El verano sin bicicletas

Andrés tenía una BH. La bicicleta estándar. Funcionaba bien, no generaba dudas y llegaba a la media. El tamaño era perfecto para sus cortas piernas, capaces de empatar en la recta de salida del pueblo a las de su compañero de fatigas Juan, que ya manejaba, aunque con dificultad, un gran esfuerzo de rodillas y espalda, y un elevado riesgo genital, una bicicleta "de mayores". Cuando llegaban a la fuente de la ermita paraban simplemente a beber agua. En aquellos años nunca se estaba cansado. Con cierta frecuencia Andrés se veía ante la pregunta "¿para cuándo la bicicleta grande"? El mundo comenzaba a tener prisa.

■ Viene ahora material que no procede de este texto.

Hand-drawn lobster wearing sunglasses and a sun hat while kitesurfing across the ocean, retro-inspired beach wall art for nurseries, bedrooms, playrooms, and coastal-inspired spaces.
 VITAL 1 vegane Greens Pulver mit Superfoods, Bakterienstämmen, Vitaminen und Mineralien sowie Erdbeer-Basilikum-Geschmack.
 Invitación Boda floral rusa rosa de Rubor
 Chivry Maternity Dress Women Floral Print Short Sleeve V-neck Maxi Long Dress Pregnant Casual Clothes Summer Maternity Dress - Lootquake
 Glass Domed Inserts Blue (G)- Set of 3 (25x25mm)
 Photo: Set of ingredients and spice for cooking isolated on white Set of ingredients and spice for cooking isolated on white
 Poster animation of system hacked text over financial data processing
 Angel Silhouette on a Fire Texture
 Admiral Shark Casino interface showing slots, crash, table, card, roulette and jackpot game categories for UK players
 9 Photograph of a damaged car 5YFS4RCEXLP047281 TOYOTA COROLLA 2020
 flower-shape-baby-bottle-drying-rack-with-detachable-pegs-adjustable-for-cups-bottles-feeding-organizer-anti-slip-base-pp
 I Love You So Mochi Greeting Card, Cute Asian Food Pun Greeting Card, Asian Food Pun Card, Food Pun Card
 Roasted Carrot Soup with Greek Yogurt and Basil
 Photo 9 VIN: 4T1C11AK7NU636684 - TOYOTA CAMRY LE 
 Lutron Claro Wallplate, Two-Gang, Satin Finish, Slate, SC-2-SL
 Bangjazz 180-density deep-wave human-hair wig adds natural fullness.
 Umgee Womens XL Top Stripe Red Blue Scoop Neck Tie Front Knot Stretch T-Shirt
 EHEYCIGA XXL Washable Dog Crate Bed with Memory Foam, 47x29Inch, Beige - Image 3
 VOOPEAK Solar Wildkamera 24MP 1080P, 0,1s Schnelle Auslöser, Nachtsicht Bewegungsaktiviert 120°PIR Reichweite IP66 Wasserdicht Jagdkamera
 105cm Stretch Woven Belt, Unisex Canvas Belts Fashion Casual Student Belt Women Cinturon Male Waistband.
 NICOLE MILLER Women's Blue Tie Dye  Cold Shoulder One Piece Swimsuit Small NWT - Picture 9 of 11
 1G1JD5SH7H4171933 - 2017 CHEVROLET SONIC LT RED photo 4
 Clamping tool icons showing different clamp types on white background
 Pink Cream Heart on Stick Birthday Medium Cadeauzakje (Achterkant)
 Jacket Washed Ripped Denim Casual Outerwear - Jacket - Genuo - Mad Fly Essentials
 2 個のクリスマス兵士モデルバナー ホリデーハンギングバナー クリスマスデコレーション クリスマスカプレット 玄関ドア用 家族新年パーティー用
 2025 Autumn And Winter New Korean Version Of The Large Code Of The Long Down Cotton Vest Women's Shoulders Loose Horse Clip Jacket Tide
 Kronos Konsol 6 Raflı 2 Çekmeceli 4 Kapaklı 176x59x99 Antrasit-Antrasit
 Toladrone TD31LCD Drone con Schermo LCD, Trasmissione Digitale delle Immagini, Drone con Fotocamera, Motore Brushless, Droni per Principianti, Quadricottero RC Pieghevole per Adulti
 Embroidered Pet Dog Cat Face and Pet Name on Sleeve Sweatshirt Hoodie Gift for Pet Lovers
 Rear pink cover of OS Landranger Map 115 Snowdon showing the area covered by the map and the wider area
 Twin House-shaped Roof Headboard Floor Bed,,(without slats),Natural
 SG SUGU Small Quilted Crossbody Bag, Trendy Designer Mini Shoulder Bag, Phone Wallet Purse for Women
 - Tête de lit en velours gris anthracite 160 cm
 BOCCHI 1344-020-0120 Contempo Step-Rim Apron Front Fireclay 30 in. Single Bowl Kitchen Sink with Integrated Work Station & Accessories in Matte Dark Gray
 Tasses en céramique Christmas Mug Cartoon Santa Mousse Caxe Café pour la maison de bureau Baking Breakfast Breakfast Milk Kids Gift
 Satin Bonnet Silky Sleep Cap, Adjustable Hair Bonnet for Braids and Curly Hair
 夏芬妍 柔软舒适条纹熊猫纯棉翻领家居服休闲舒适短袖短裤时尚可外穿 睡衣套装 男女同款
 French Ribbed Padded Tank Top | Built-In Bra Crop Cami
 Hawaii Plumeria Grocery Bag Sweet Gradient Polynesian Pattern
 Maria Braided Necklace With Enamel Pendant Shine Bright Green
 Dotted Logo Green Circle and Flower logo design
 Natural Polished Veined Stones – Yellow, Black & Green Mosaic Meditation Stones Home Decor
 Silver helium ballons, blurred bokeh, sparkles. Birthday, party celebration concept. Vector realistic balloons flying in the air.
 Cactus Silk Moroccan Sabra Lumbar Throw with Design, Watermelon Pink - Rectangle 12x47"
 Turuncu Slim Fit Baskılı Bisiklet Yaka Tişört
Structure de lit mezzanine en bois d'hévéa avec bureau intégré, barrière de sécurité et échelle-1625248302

La bicicleta como elemento fálico, como hoy lo son tantas cosas superfluas que cubren el lugar que debería estar reservado a la propia personalidad.
El primer paso era quitarse las dos ruedas laterales. Aquel que conseguía aprender sin utilizarlas ya tenía algunos puntos ganados. El segundo era la bicicleta grande. Orbea y BH estaban bien vistas, las GAC eran algo extraño de ver, y Torrot, la única marca capicúa recordaba a las bicicletas de nuestros abuelos de manillar curvo, rigidez de chasis y grandes ruedas. Las mejores para rodar pero estéticamente criticadas, sobre todo si no se desataba la caja de manzanas del portaequipajes.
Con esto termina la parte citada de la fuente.